Simple interest: I = P × r × t. Interest is charged only on the principal, not on interest already earned.
What is the Simple Interest tool?
This simple interest calculator works out the interest earned or owed on a fixed principal, plus the total amount at the end of the term. It uses the classic formula I = P × r × t: interest equals the principal times the annual rate times the number of years. Enter your amount, the yearly interest rate as a percentage, and the length of the term, and the calculator shows the interest and the total instantly, with a breakdown bar splitting the total into principal and interest.
Simple interest is charged only on the original principal — never on interest that has already accrued. That makes it the basis for many short-term personal loans, car loans, some bonds and Treasury bills, and the way interest is often quoted on a fixed deposit. It is the honest, easy-to-check counterpart to compound interest, where interest itself earns interest and the total grows faster over time.
Everything runs in your browser: the calculator is client-side, nothing you type is uploaded, and no account is needed. It is free, works on your phone, and updates live as you change any field — handy when you are comparing a couple of loan offers or checking a lender's quoted figure. For long-term saving or borrowing where interest compounds, pair it with the compound interest calculator to see how much the two methods diverge.
How to use the Simple Interest
- Enter the principal — the amount you are lending, borrowing or investing.
- Enter the annual interest rate as a percentage (for example 5 for 5%).

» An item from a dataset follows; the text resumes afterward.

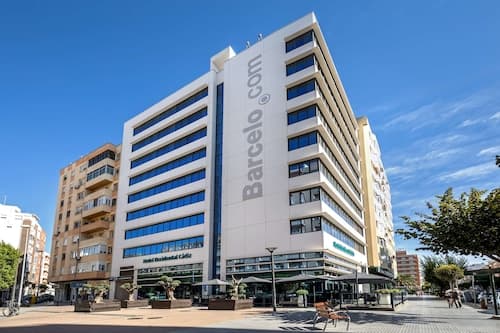 Occidental Cádiz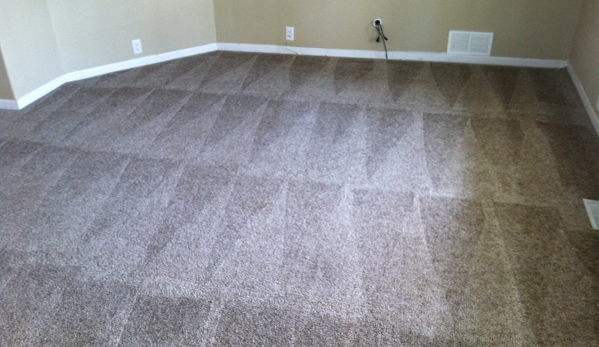 Anytime Carpet Cleaning - Chino, CA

- Enter the term in years — decimals are fine, so 1.5 means eighteen months.
- Read the interest earned and the total amount, split into principal and interest on the breakdown bar.
- Copy or share the result, then tweak any field to compare scenarios instantly.

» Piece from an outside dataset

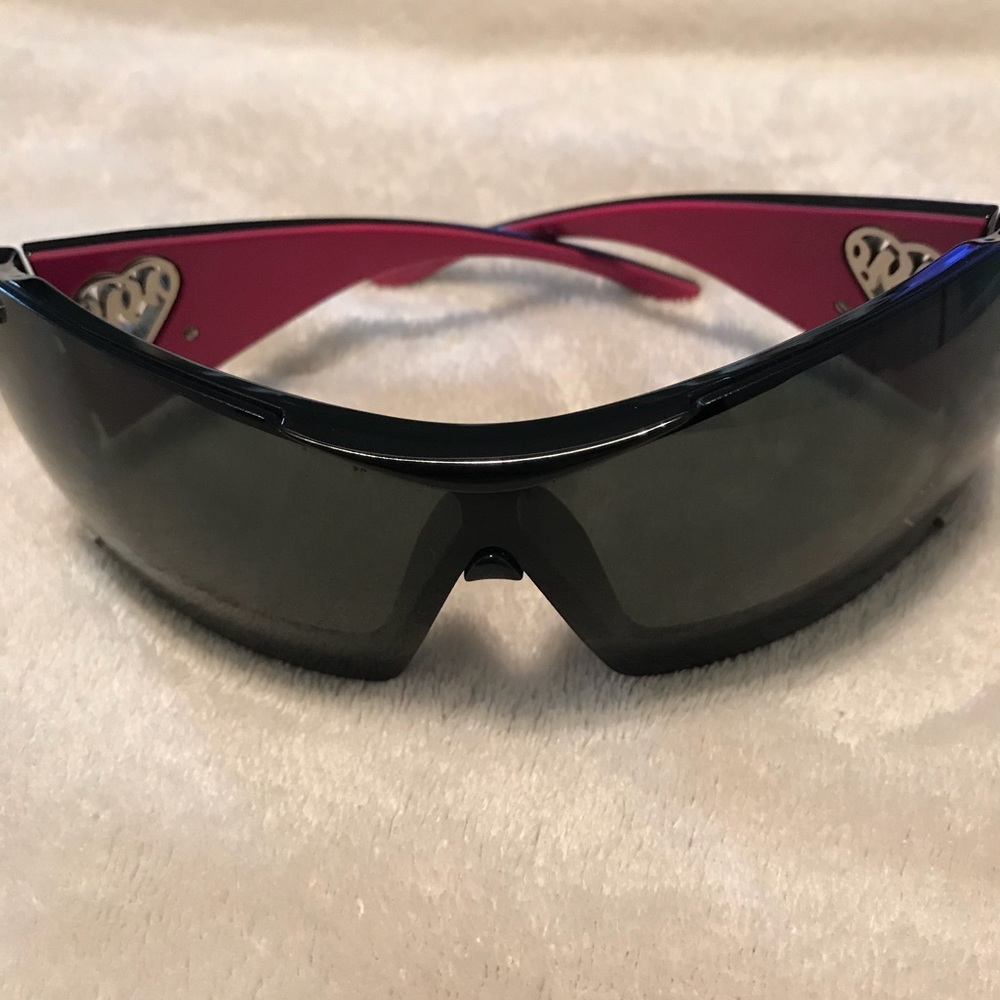 Metal mulisha sunglasses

Frequently asked questions
How is simple interest calculated?
Simple interest = principal × rate × time, where the rate is the annual rate as a decimal and time is in years. For example, £1,000 at 5% for 2 years earns 1000 × 0.05 × 2 = £100 in interest, for a total of £1,100. The calculator applies this formula automatically as you type.

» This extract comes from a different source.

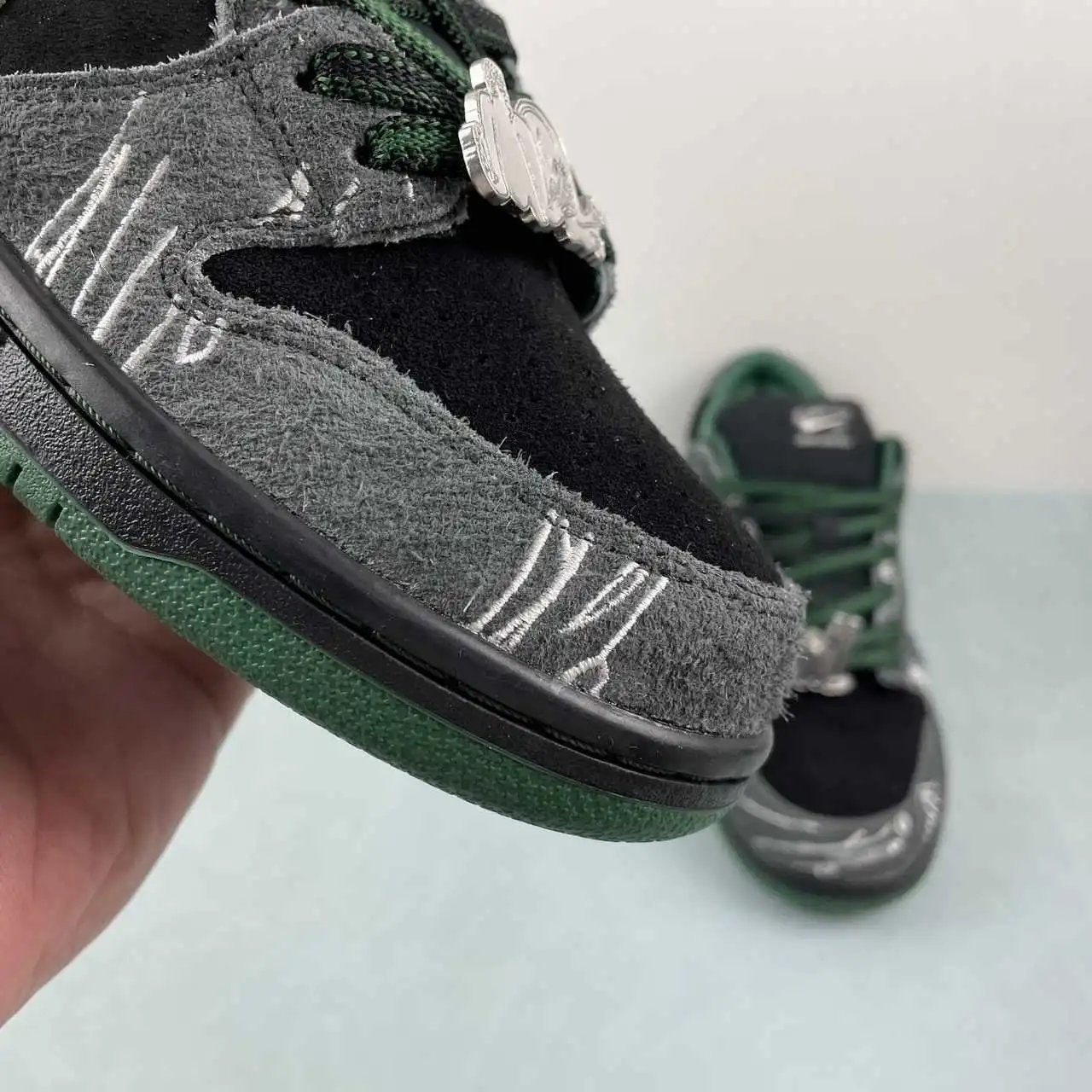 Nike Dunk Low HF7743-001 7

What is the difference between simple and compound interest?
Simple interest is charged only on the original principal, so it grows in a straight line. Compound interest is charged on the principal plus any interest already added, so the balance grows faster over time. For short terms the two are close; over many years compound interest pulls well ahead.
Can I use it for months or days instead of years?
Yes — enter the term as a fraction of a year. Six months is 0.5, ninety days is roughly 0.25, and eighteen months is 1.5. The formula scales linearly, so a fractional term simply gives a proportional amount of interest.
What counts as the principal?
The principal is the starting amount: the sum you deposit, invest, or borrow before any interest is added. In this calculator the interest is always figured on that original figure and never on interest that has already accrued.
Is my data private?
Yes. The amounts you enter are processed entirely in your browser — they are never uploaded, stored or sent to any server. Once the page has loaded, the calculator even works offline.
Is this calculator free?
Yes — free, with no sign-up, no account and no limits. Open the page, enter three numbers, and read the interest and total in seconds.